日本では「国防婦人会」という組織があり、出征兵士の見送りや傷病兵、遺骨の出迎えなどを行っていましたが、さすがに日本軍の一員として最前線で戦ったということはなかったはずです。それだけソ連は追い詰められていたということでしょう(スターリンの粛清のせいで人材が払底しただけとも言えますが)。

この本をひもとくと、血なまぐさい戦場の様子がいたるところに記録されています。
(目の前でドイツ軍が放った砲弾が炸裂して)何もかも吹っ飛びました。見ると一人だけ生き残っています。すでにドイツ軍は山に登って来ています。その負傷兵は言いました。「俺を置いて行けよ、看護婦さん、捨てて行けよ・・・俺はもう死ぬんだんから・・・」お腹がえぐられていて・・・、腸とか・・・もう何もかも飛び出して・・・その人は自分でそれをもとの場所に戻そうとしているんです・・・
この様子を証言できたということは、第二次世界大戦を生き延びることができたということ。多くは戦場に倒れるか、生き延びられたとしても戦争で受けた傷のために障害を負って生きることとなってしまいました。

戦争は人間らしい感覚を麻痺させ、仲間が死ぬ光景を繰り返し目の当たりにするようになるとそれが日常の風景となり、当然のこととして受け入れるようになってしまいます。
それでもあくまでも人間に踏みとどまろうとした人も。
忘れちゃいません、何一つ。でも、捕虜を殴れなかった。相手がまったく無防備だという理由だけでも。こういうことは一人一人が自分で判断したこと、そしてそれは大事なことだったの。
「大祖国戦争」の結果として、ロシア軍はドイツ軍を破り、ベルリンを占領します。しかしその代償として2600万人(推計値)の犠牲を払うこととなりました。当時のソ連の人口はおよそ1億人ですからおよそ4人に1人が命を落としたことになります(その頃の日本の人口はおよそ7000万人であり、太平洋戦争で失われた人口は300万人ほど)。

これほどの死者を出しながらファシストに勝利したことは、ソ連の誇りとなったことでしょう(それくらいしか誇れるものがないし、宣伝に使って粛清などの自国の犯罪的行為をカモフラージュするしかない)。

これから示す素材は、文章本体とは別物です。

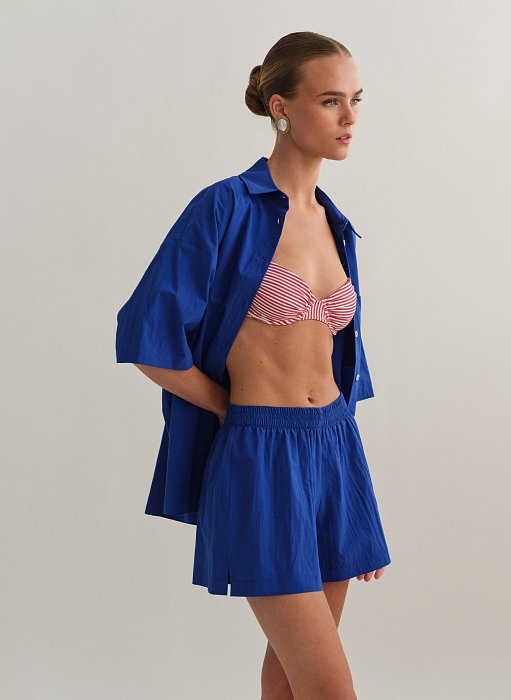 Γυναικείο σορτς ποπλίνα σε όψη τσαλακωμένου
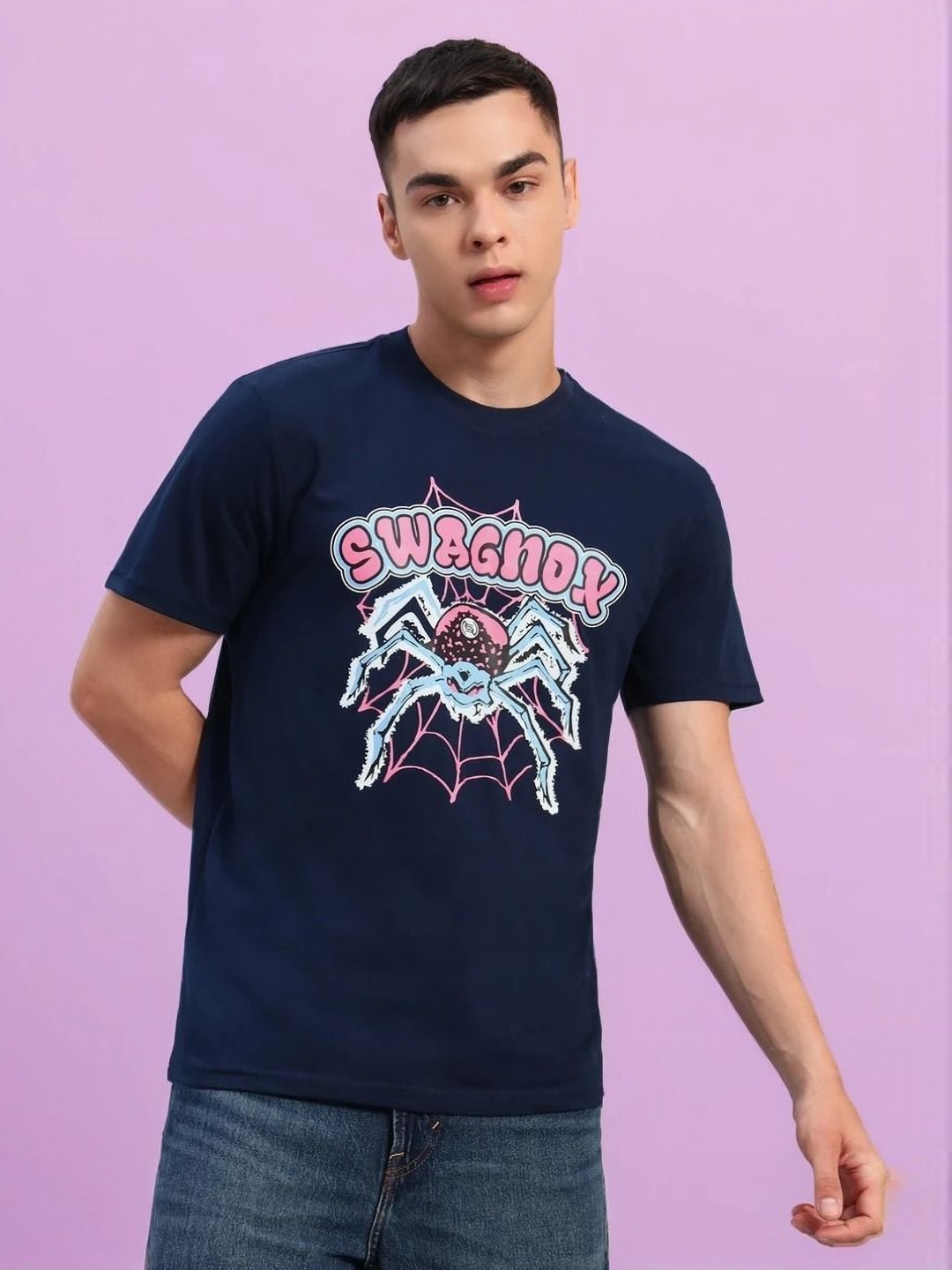 

SWAGNOX Men Biker Printed Raw Edge T-shirt, Blue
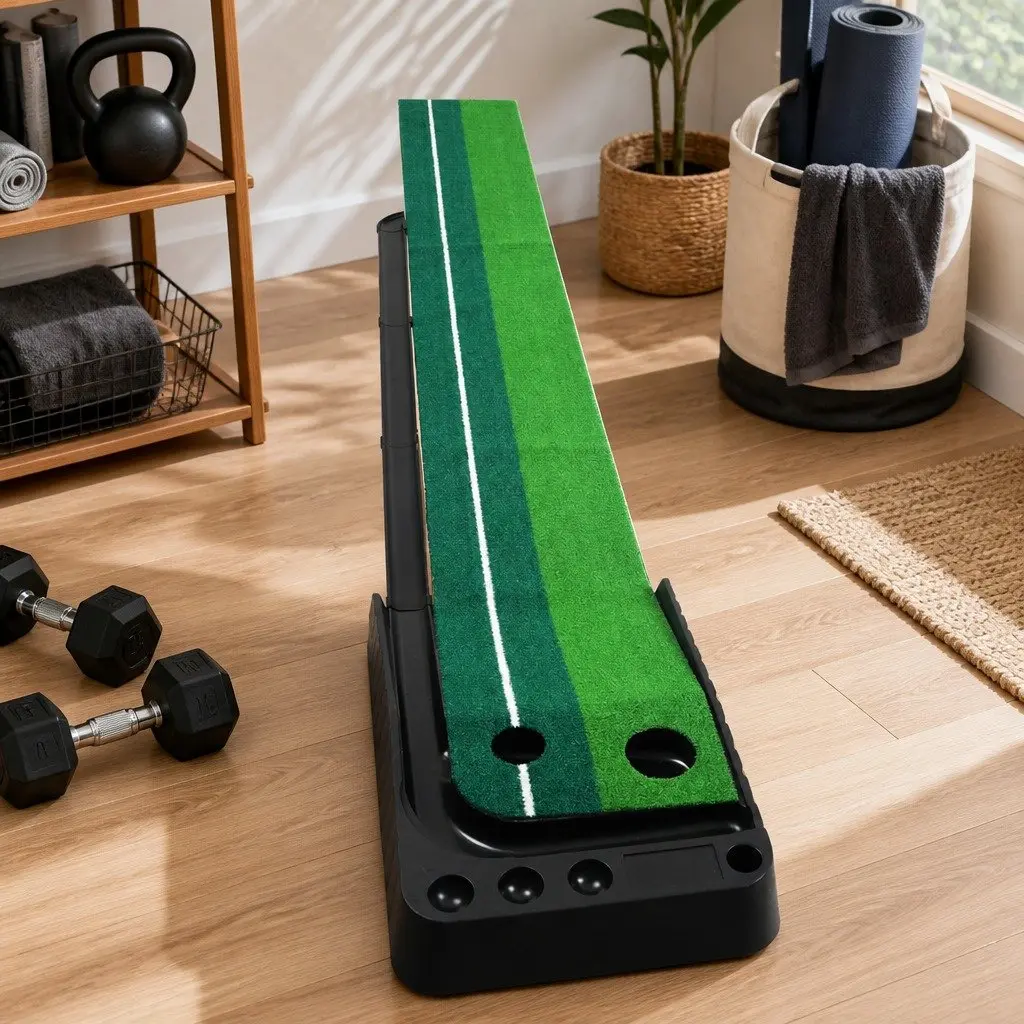 Golf Putting Mat Green Black Portable Indoor Practice Trainer Dual Holes System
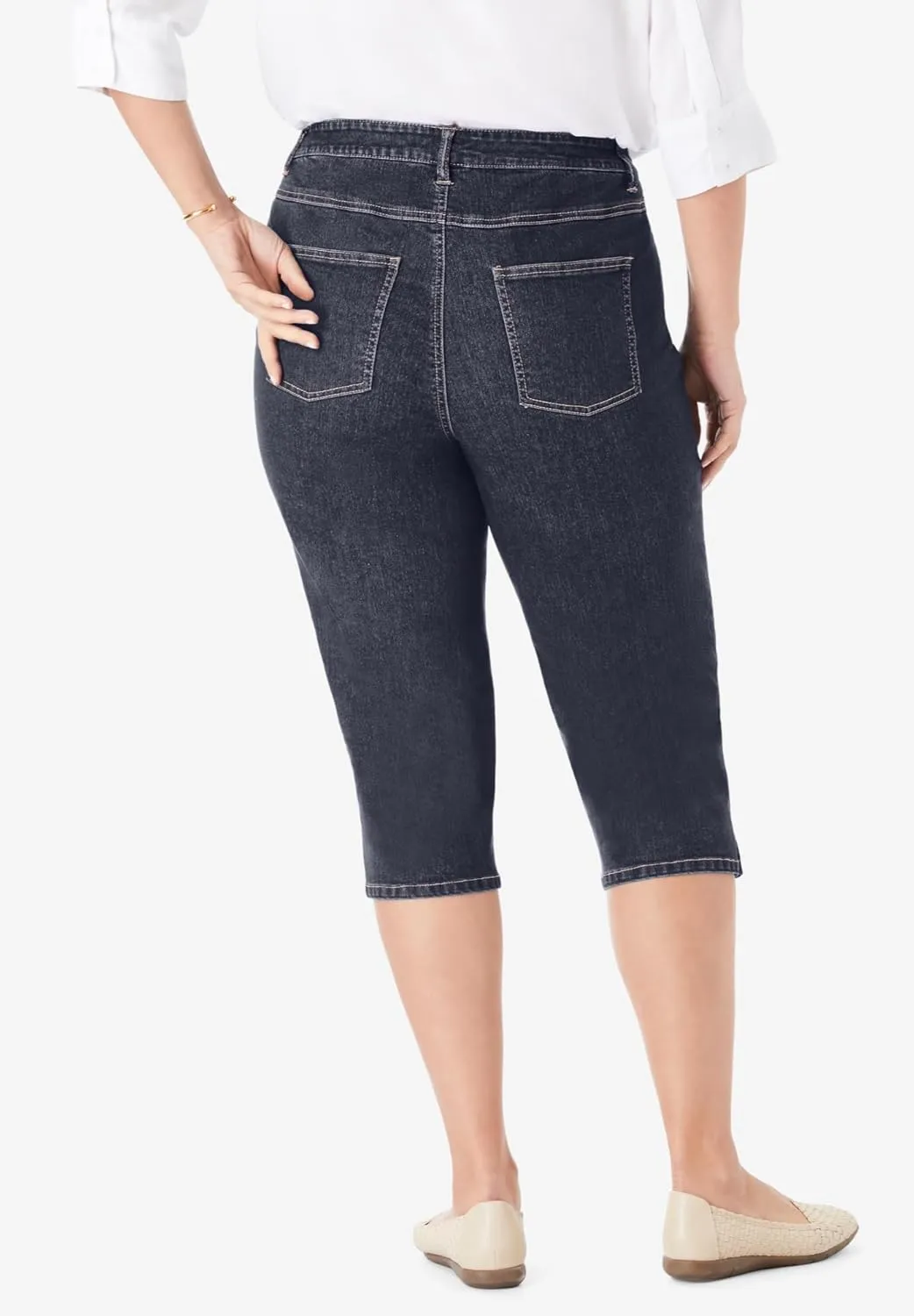Woman Within Plus Size Petite Capri Stretch Denim Jean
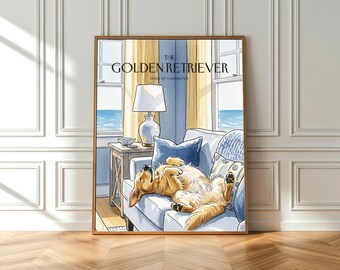 Watercolor Golden Retriever Print: Coastal Maritime Home Decor (Fine Art Print)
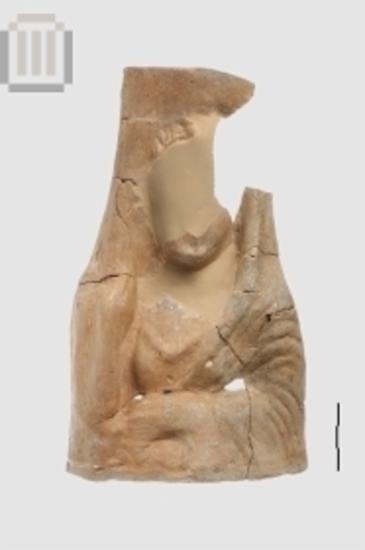 Πήλινη προτομή ειδωλίου γυναικείας μορφής από τον Αυλότοπο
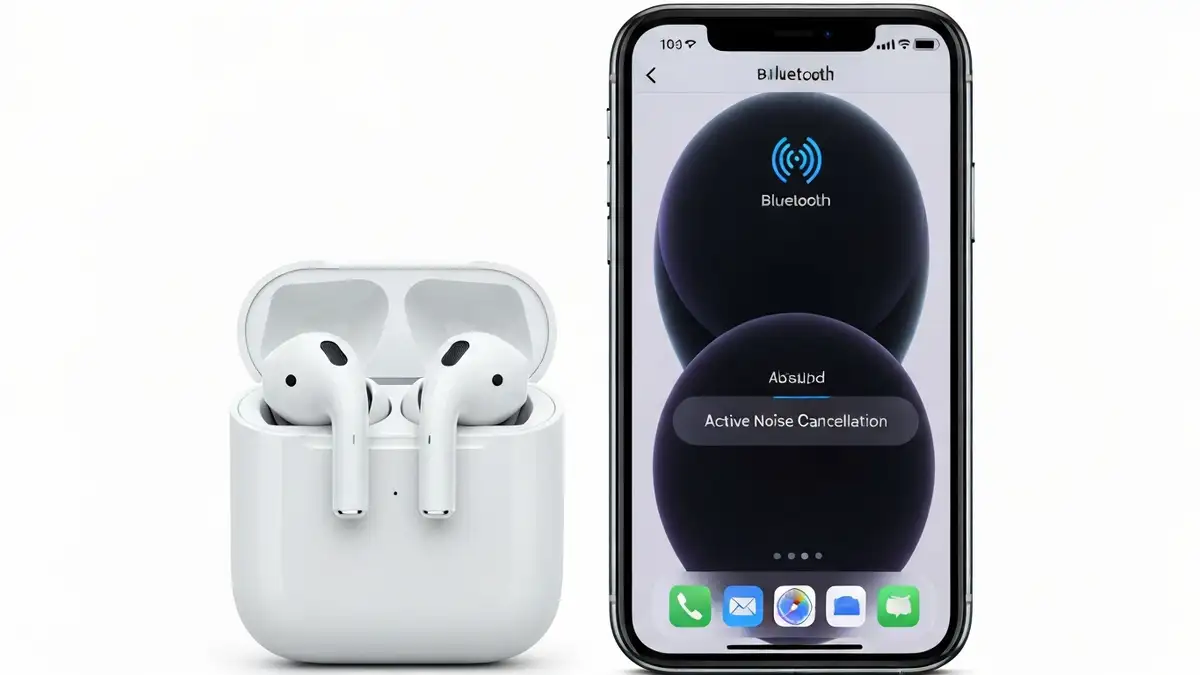 AirPods Pro z wyłączonym ANC – ekran iPhone'a pokazujący ustawienia tłumienia szumów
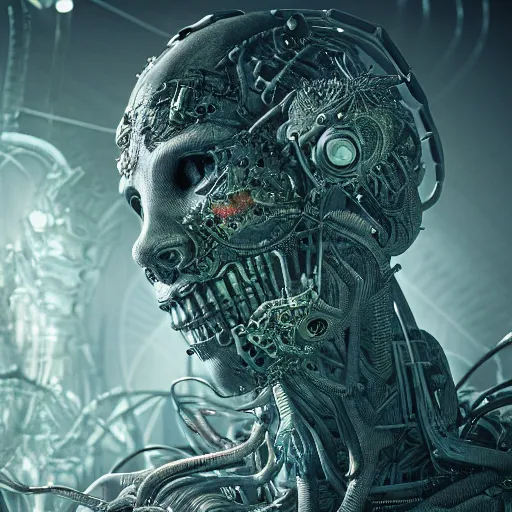 Image similar to cybernetic demon dreaming with its networked mind, lsd, circuitry, intricate detail, royo, whealan, giger, klimt, hd, octane render, unreal engine,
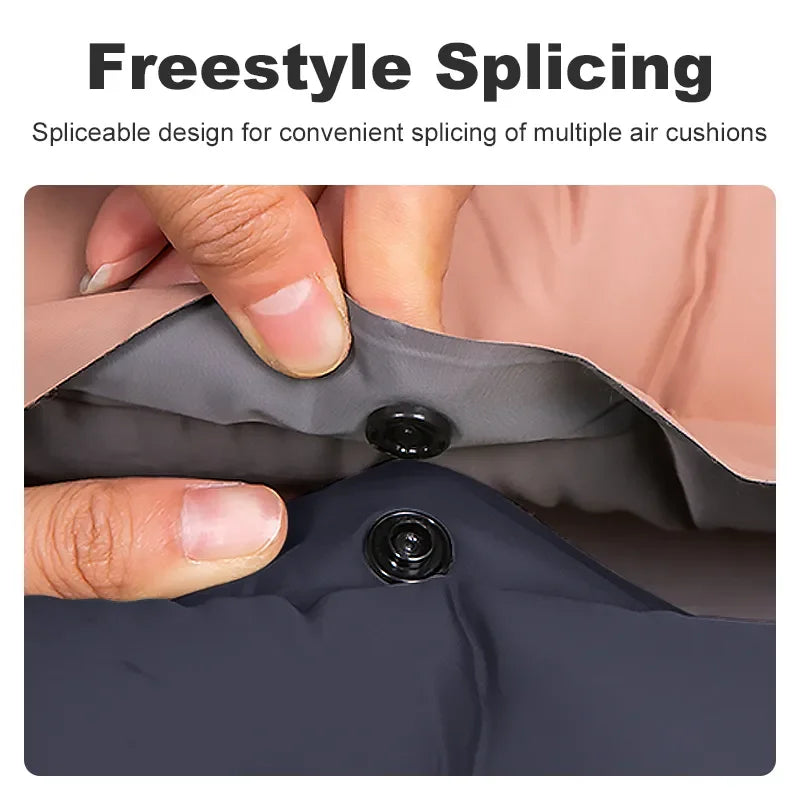 Outdoor travel mattress, ultralight self-inflating with built-in foot pump, comfortable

2022年、ロシア軍は突如としてウクライナに侵攻し、この目的として、ウクライナの「非ナチス化」を掲げていました。なぜ今どきナチス? と思うでしょうけれども、こうした背景を頭に入れておくと、「ナチス」という言葉がロシアにおいてどのような重みを持つかはなんとなく想像できるでしょう。

それにしても戦争というもののなんと残酷なこと。爆弾や銃弾の前には性別も何もなく、とにかく命中してしまえば体をバラバラに引き裂かれ、肉片となって飛び散ることになります。
なぜ戦争は避けなければならないか、『戦争は女の顔をしていない』を読めば嫌でもわかるでしょう。